First of all, I hope it's understood that XBMC and probably most other programs that perform the same sort of function (for whatever purpose) are using regex. Furthermore, whether you expose the regex to the user or not, it's still the most mathematically elegant way to recognize patterns. But how you code the solution is your business, so I assume your question really pertains to properly defining the user need...
I'm not familiar with it, but I'm sure "XBMC just does this automatically" means that once configured correctly (and, yes, that necessarily includes providing regex suitable to the circumstances), it just works. In other words, with a set of regex that will match any form of filename I might use for video, I can then just include my video folder(s) in Auto-Import and all my files will be properly recognized and tagged. Equally important, if I encounter one exception, I know the fix can be to modify one regex or add another, and I'll never have to worry about that exception again.
I hesitate to question your ability to create an algorithm that does it all, but I suspect you must be making the assumption users will magically follow one of some finite set of file naming schemes you believe is sensible. No, I don't need to go that far. I don't believe you can create one fixed algorithm that will handle even just all of different perfectly sensible ways to organized files in a file system. And even if you could, why would you want to maintain such a thing?
Some things are obvious like "S3E21".
Yes, there's probably no more than a dozen commonly used ways to denote the series and episode. But that's just one component of several for just one media type. Even if you could create an algorithm that would handle most of the commonly used schemes, you would then be faced with educating users about what is recognized and what is not. And then you'll find yourself trying to advise users to rename their files while they're asking you to modify your algorithm (and, take my word for it, they'll all tell you they have at least 1,000 files matching the pattern you left out).
Adding a simple list of programs would make the algorithm even better.
Incorporating a list of titles recognized by a meta data provider being used is not a bad idea. For searches of the meta data database to work, you would have to use the correct name anyway. But the user-friendly way to implement that would be to do so internally and not attempt to enforce it on the filename (i.e., your system might ask once, "do you mean
this series?"). This particular list, however, doesn't appear to be a good choice. From the number of omissions I can readily spot, I would wonder too about the accuracy of the items on the list.

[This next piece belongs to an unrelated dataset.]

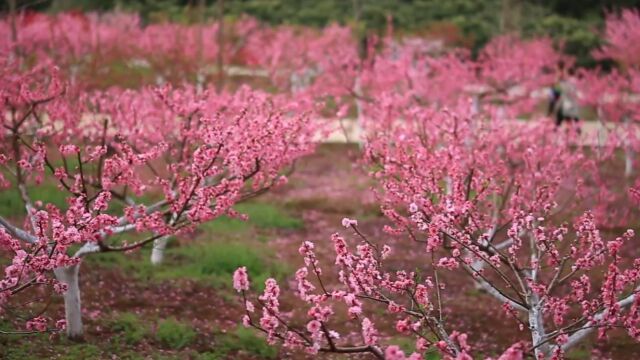 寺外桃源讲花卉 第十五集《桃树花芽分化与形成知识》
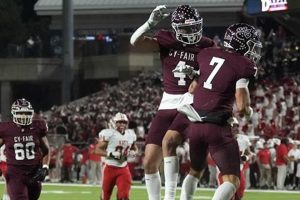 Top Houston High School Football Teams | Best Schools in America: Top Public & Private Options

What is it about the system I outlined in my previous post that concerns you? It seems to me you could go as far as you please in making such a thing user-friendly. First of all, simply being populated with a list of expressions that will match all the schemes most users are likely to use will result in a it-just-works-out-of-the-box experience for most users. Most of the remaining users could deal with whatever doesn't work by picking something from a list that appears to be a match, modifying it if necessary, and placing that expression in the right position in the list of expressions. As I mentioned, that pick list would be of file pathname descriptions, not the regex themselves. Only the 0.1% of users who are actually comfortable with regex would actually choose to add a regex directly.
Like a number of similar matters in MC, the issue is not about providing something that "just automatically works." That's because nothing "just automatically works" all the time. To be truly user-friendly, your solution needs to do that
and provide the means to easily configure the thing so it does work when it fails to do so automatically. Even if users find the unavoidable failures annoying, what they'll want to hear is, "Don't worry—it can be configured to do anything," not, "You're SOL—change your filenames."